YOUR TASK
An exact copy of the lines of the listing below between the "Longman Preparation Course" line and the "Peugeot Expert 2.0" line, both included, is the whole answer; please omit the pictures.

EXCERPTED RECORDS
- - - -

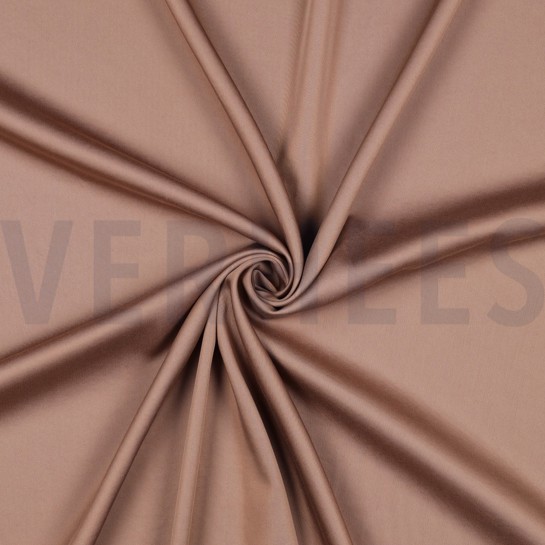 TENCEL™ LYOCELL SATIJN KLEI #7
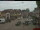 Webcam in Esens, 13.4 km entfernt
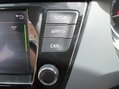 Skoda Fabia 1.0 S Euro 6 (s/s) 5dr 38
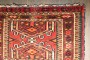Old Tekke No. j5118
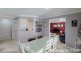 24 Dicarlo Drive, Morayfield QLD 4506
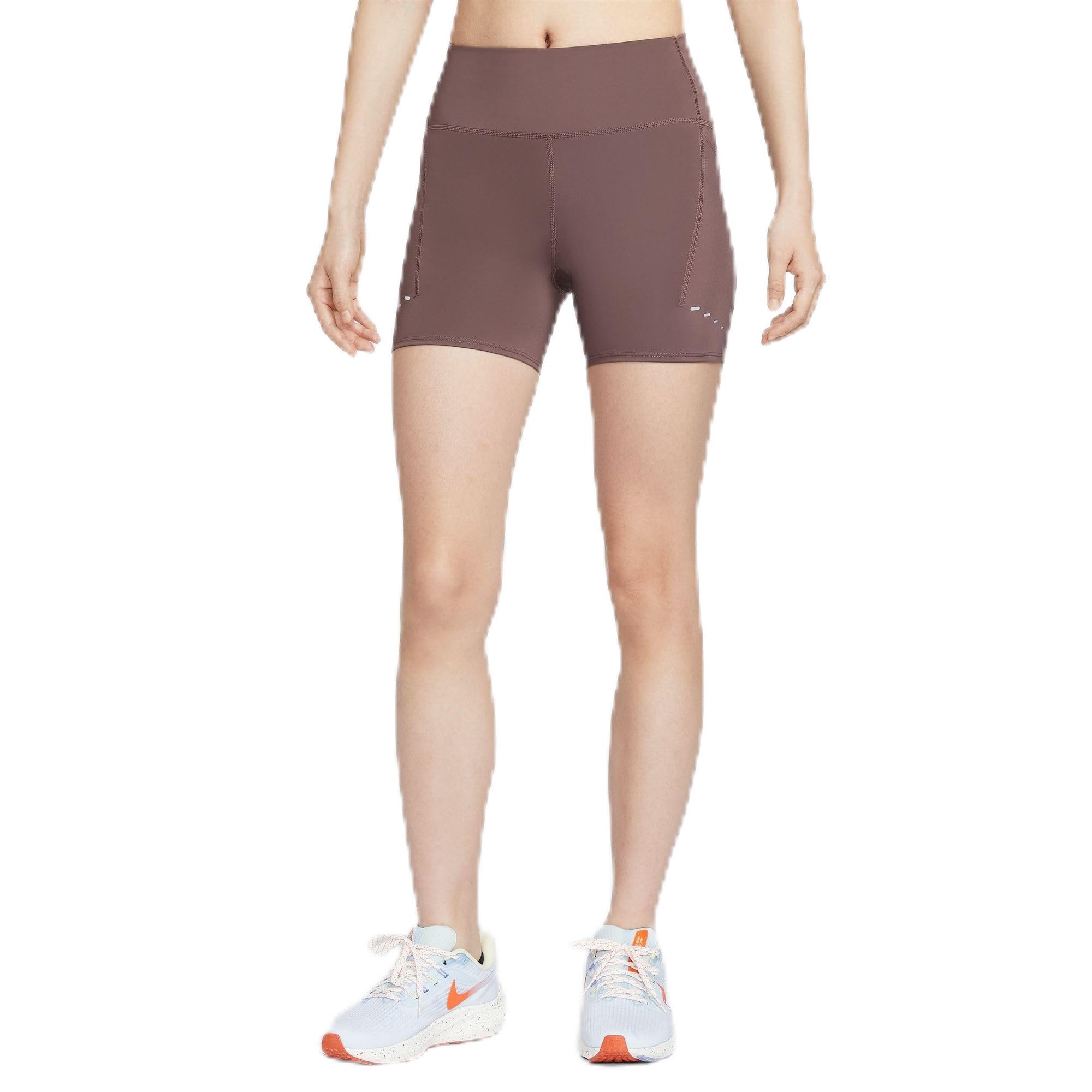 Nike Womens Running Shorts-picture-56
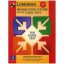 Longman Preparation Course for the TOEFL Test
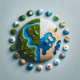 Global Reactions to the Latest UN Climate Summit Decisions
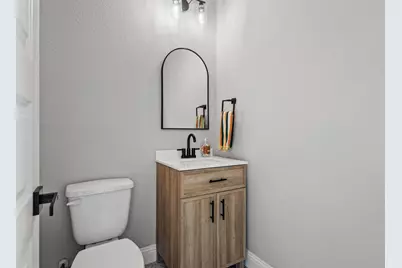 3204 Creek Meadow Drive, Anna, TX 75409 - Photo 25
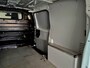 Peugeot Expert 2.0 BlueHDI 120PK Long Premium + 3 pers.|Navi|Cruise|Airco|Apple|Android|Camera|PDC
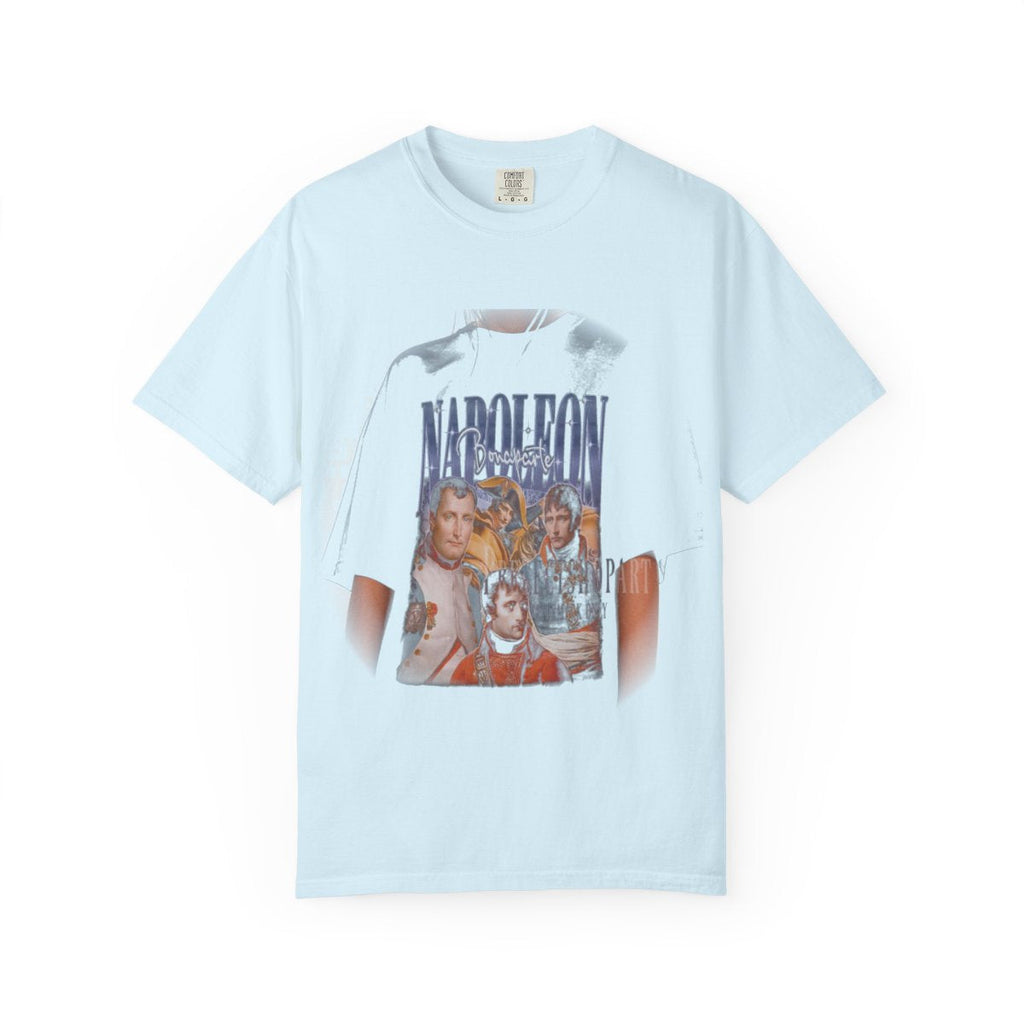 NAPOLEON BONAPARTE Shirt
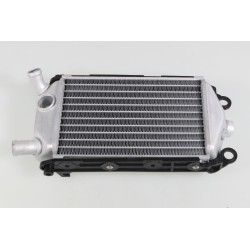 Radiateur GASGAS 2023 seul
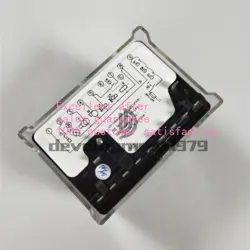 NEW HONEYWELL R.B.L.MMI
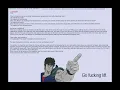 Clover Lawn Reupload - Go Lift A Motivational 4chan fit Greentext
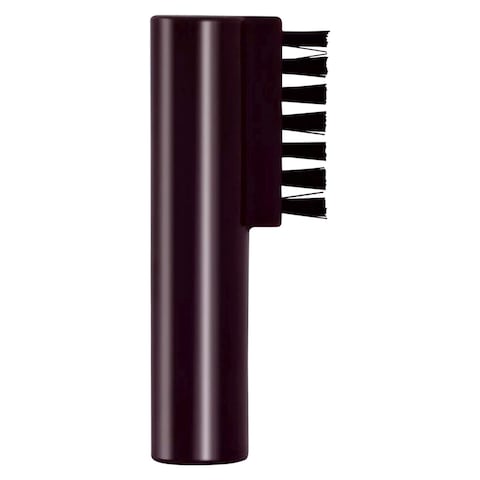 Rimmel London Professional Eyebrow Pencil 004 Black Brown 1.4g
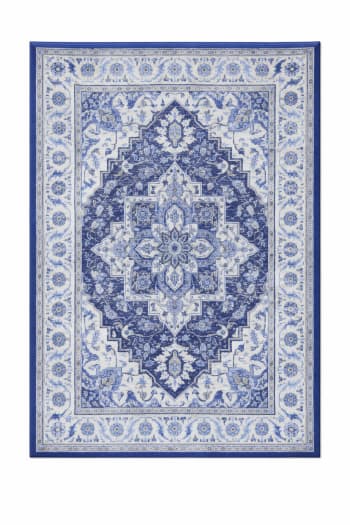 Persian Indoor Carpet 300cm
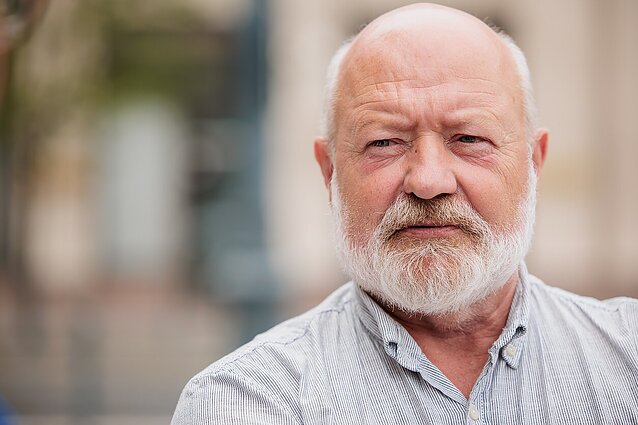 Apie „Nemuno aušrą“ prakalbęs Gentvilas: su šita partija teisėtumų ir skandalų bus daug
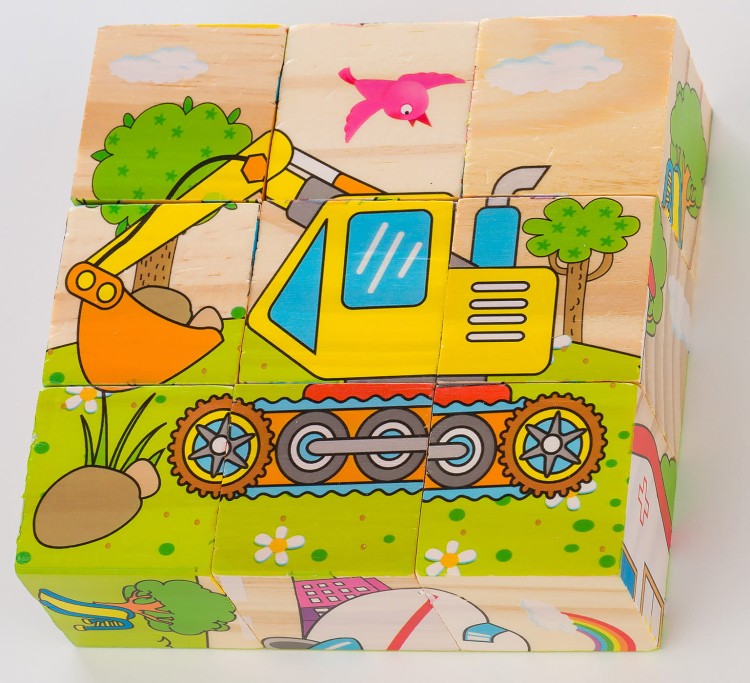 150eb3ab971c5c092f7056f0af44b22f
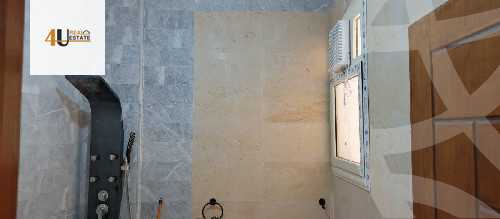 https://aqarmap.com.eg/ar/listing/5233066-for-sale-cairo-new-cairo-ganob-el-akadamiya-south-academy-g-lotfy-hassona-st
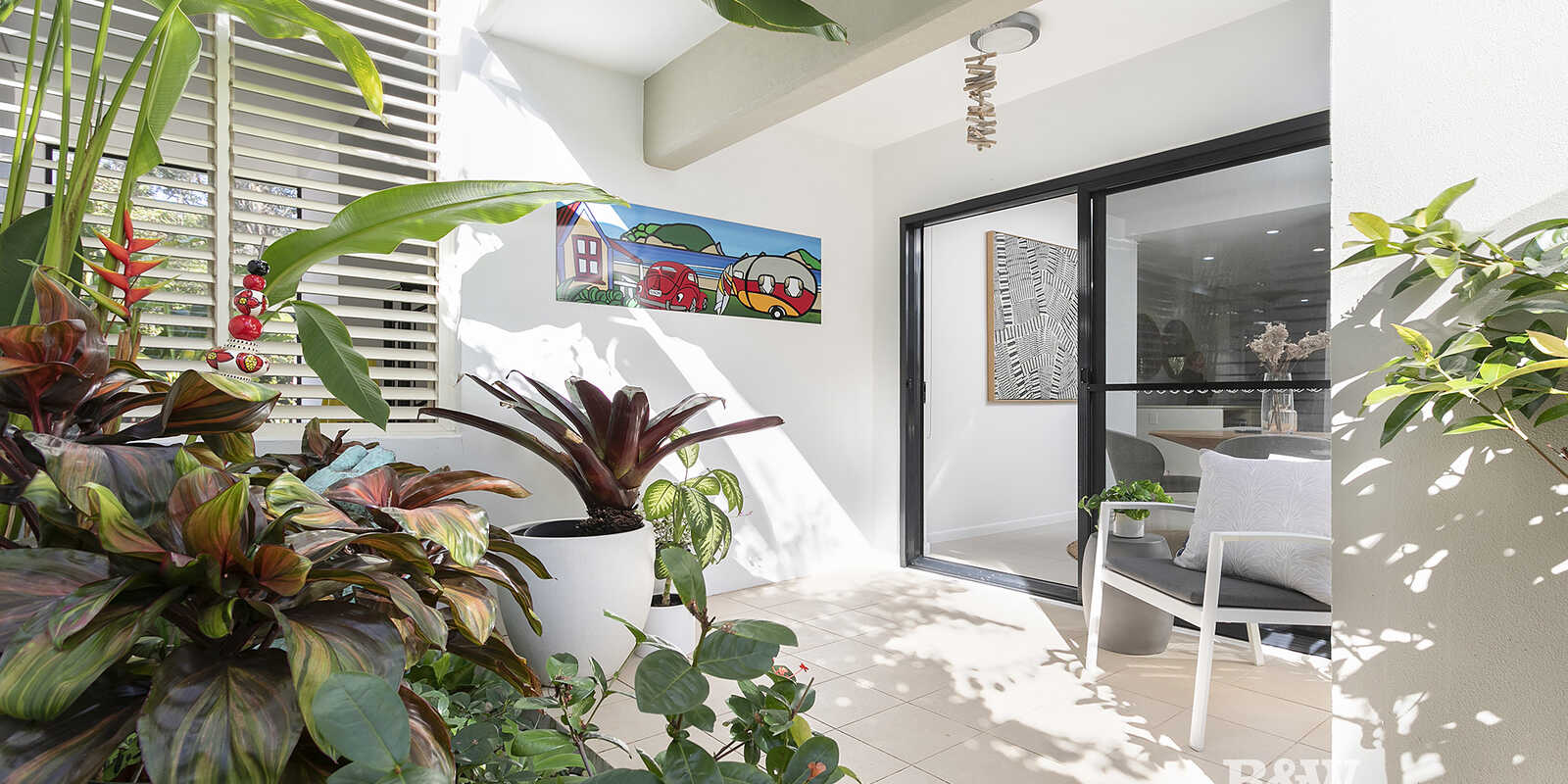 839/100 Resort Drive Noosa Heads 839/100 Resort Drive Noosa Heads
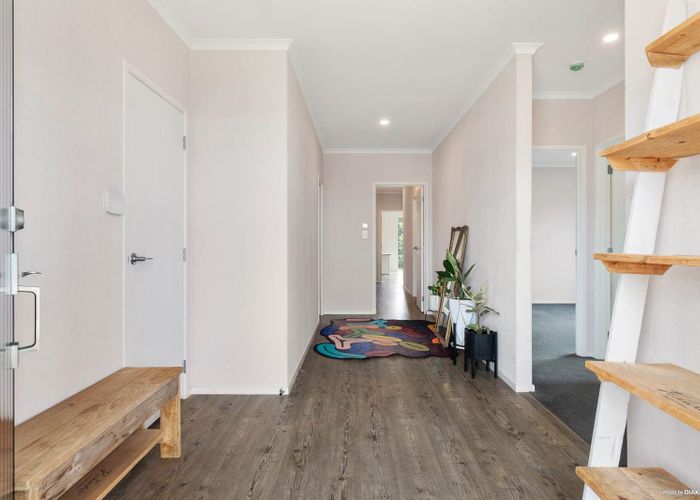  at 15 Muirhill Place, Pokeno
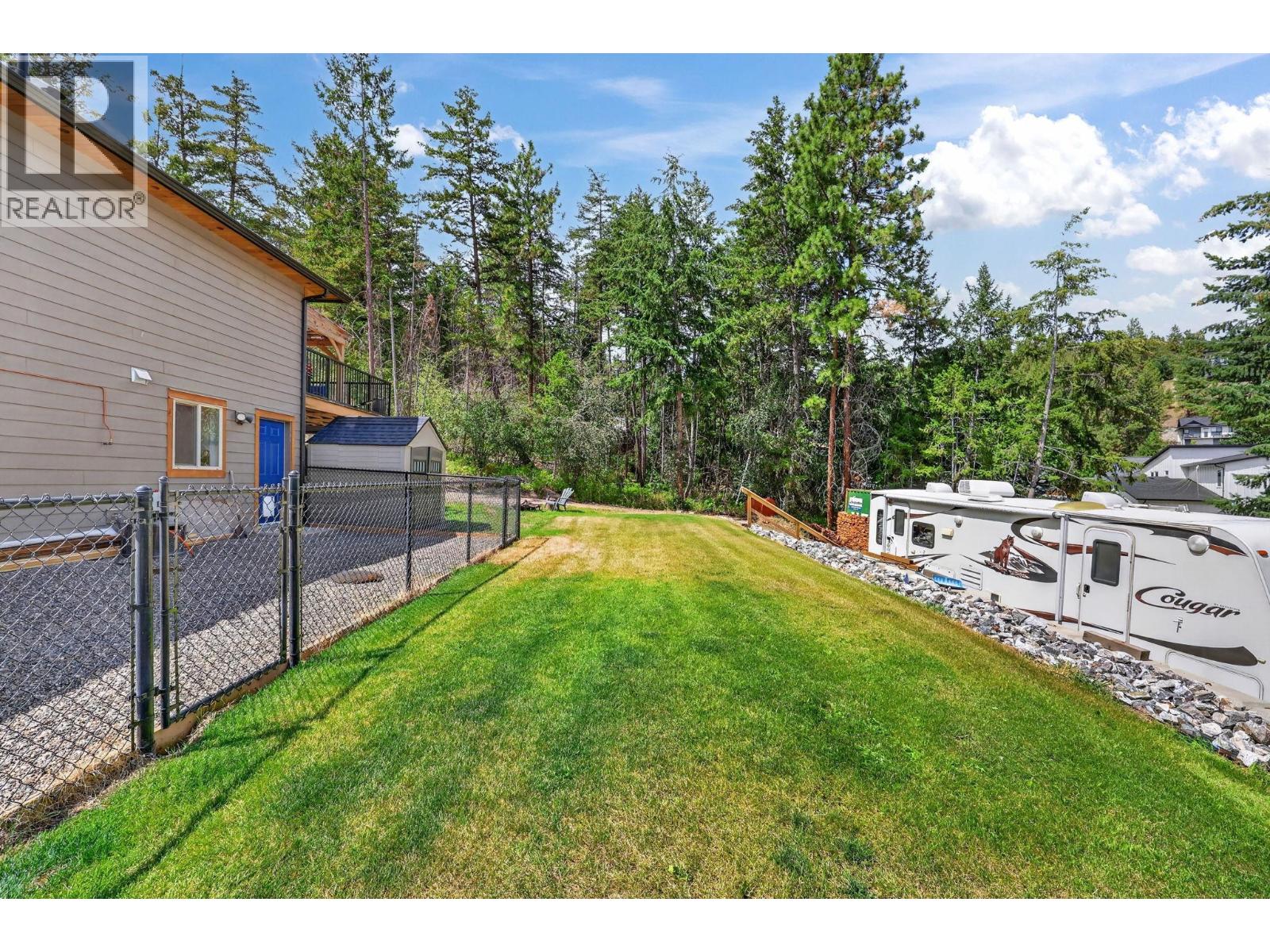 87 Larch Road - 59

- - - -

EXPECTED OUTPUT
 Longman Preparation Course for the TOEFL Test
 Global Reactions to the Latest UN Climate Summit Decisions
 3204 Creek Meadow Drive, Anna, TX 75409 - Photo 25
 Peugeot Expert 2.0 BlueHDI 120PK Long Premium + 3 pers.|Navi|Cruise|Airco|Apple|Android|Camera|PDC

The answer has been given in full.